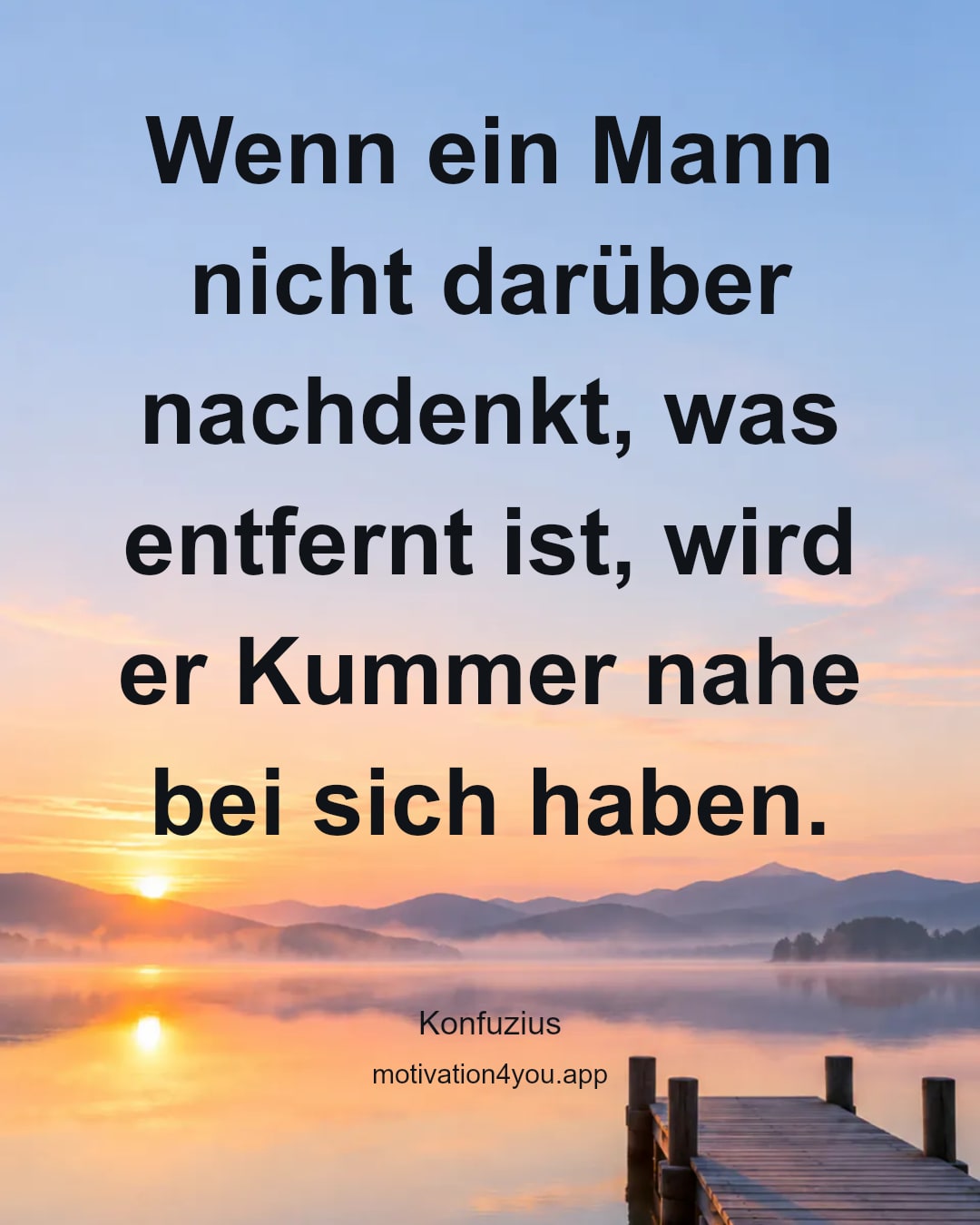 Wenn ein Mann nicht darüber nachdenkt, was entfernt ist, wird er Kummer nahe bei sich haben.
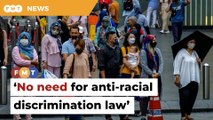 No need for anti-racial discrimination law, say academics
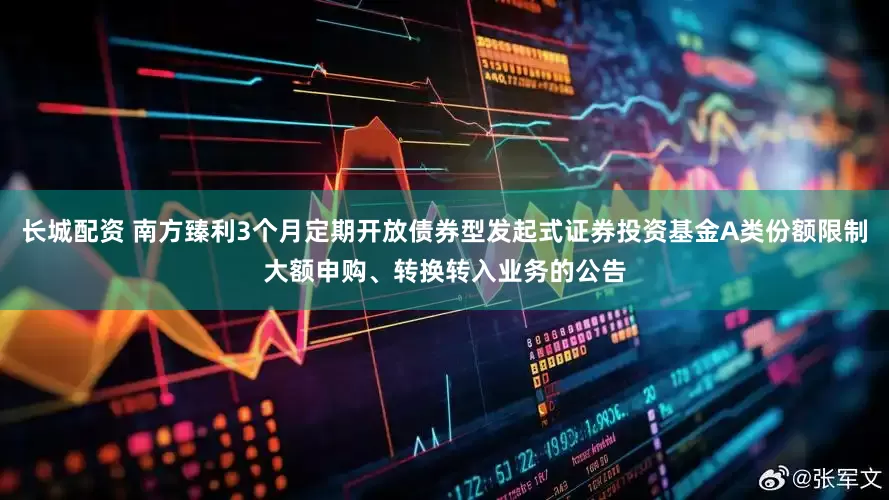 长城配资 南方臻利3个月定期开放债券型发起式证券投资基金A类份额限制大额申购、转换转入业务的公告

# # # #

— Activity —
Print the lines from the one that contains "No need for" through the last line of the data, exactly and in full, and no other lines. Pictures are not part of the copy.

— Task answer —
 No need for anti-racial discrimination law, say academics
 长城配资 南方臻利3个月定期开放债券型发起式证券投资基金A类份额限制大额申购、转换转入业务的公告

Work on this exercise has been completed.